Community assets: know your patch for what it's worth

31 May 17

It is still rare for local people to take over surplus public assets. A record of all these assets, including their value, could help community control

It is still rare for local people to take over surplus public assets. A record of all these assets, including their value, could help community control

 

Most people know of public buildings and spaces they care about but look forgotten. The hall that is crumbling and inaccessible, for example, or the park left untended. The once-beloved library now boarded up.

Some communities look at taking them over. This means working with the council to buy or lease the asset then run it according to local strengths and needs. 

This is not easy, nor is it always the best solution. Community asset transfer (CAT) will not be suited to all local conditions. All sides need to be engaged. While our report in November found levels of trust and understanding between councils and local groups were growing, conversations can still be tricky. There is a whole debate around how citizens can enable councils to deliver duties, which goes beyond ad hoc negotiations around individual buildings.

Even allowing for this, CAT in practice remains frustratingly rare. 

At Power to Change, we believe progress can be nudged along by greater transparency. For councils to think more strategically about the assets they hold, they should know what’s on their books; for communities to bring local knowledge to running assets, they should be able to see what’s available.

To this end, some hard graft behind the scenes is starting to bear fruit.

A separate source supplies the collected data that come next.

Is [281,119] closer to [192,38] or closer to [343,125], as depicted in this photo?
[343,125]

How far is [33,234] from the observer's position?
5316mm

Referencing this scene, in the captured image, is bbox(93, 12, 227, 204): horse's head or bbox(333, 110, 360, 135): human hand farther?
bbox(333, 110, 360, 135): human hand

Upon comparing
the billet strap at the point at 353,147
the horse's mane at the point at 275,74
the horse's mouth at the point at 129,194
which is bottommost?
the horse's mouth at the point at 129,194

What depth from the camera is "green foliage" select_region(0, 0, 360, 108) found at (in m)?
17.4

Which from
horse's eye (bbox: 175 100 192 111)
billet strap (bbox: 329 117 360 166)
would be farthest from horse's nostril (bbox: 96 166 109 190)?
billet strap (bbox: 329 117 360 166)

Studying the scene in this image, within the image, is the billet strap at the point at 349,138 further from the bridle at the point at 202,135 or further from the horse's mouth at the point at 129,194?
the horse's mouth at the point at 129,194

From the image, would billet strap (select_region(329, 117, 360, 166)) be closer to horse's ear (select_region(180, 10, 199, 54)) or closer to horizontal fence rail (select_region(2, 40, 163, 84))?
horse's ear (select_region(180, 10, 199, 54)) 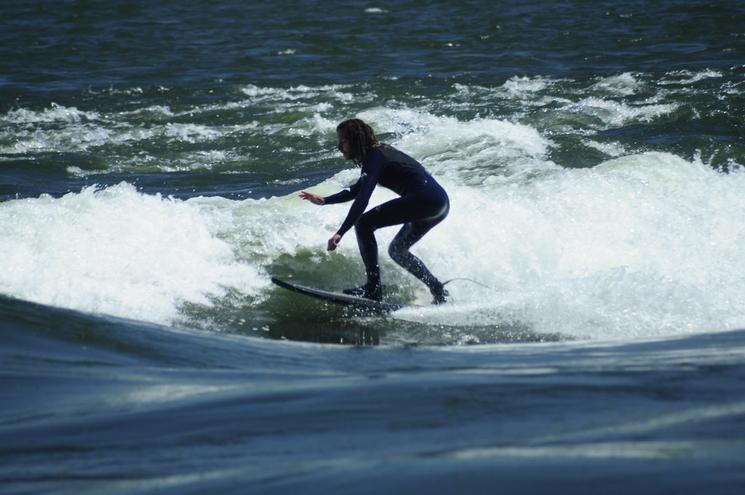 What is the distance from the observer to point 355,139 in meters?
8.34

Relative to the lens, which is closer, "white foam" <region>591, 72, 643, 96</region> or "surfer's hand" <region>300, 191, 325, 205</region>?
"surfer's hand" <region>300, 191, 325, 205</region>

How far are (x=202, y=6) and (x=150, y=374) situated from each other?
28.1 metres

We know more than before about the value of public assets and where that value is concentrated. 

To find out the total value, we had some help from Treasury officials. (The real surprise here, as my colleague Richard Harries has said, is that no one previously thought these figures important enough to explore.) According to that data, councils in England own buildings worth £81.5bn, land and assets such as community centres and libraries worth £21.7bn, and surplus assets worth a further £2.5bn. 

A conservative estimate would be that 5% of these assets, and 75% of what is already surplus, could be viable for transfer. That leaves us with £7bn worth of land and buildings that could be transferred.

From this data, we can estimate where the most valuable assets are. There is a concentration in London and the South East. There are also high-value public assets in Yorkshire and around Tyneside, with values lower in East Anglia and much of the South West. 

This will, hopefully, nudge local authorities to look at what is on their doorstep. Ultimately, this should be linked to examples of where CAT has worked to encourage councils that are new to this. 
The main beneficiaries should be communities themselves, who may be inspired to drive through their own ideas. 

Ultimately, it is such bottom-up pressure, with local people demanding that councils think differently about the use of public resources, that will force change. Even apparently modest progress, like knowing what public assets are worth and roughly where they are, can give impetus to this movement.

It bears repeating that top-down solutions – whether the authority is in Whitehall or the local council chamber – seldom produce what local communities really need. That approach has been pursued for years, and it doesn’t work. 

There can also be a lasting local financial dividend: a community with an asset base has something against which it can borrow, as well as a source of income. Even in an era of devolution and metro mayors, power needs to be pushed down further. 

Our focus, once the dust has settled on the general election, will be on getting information and support to the groups on the ground – the only people who can make these big ideas take off.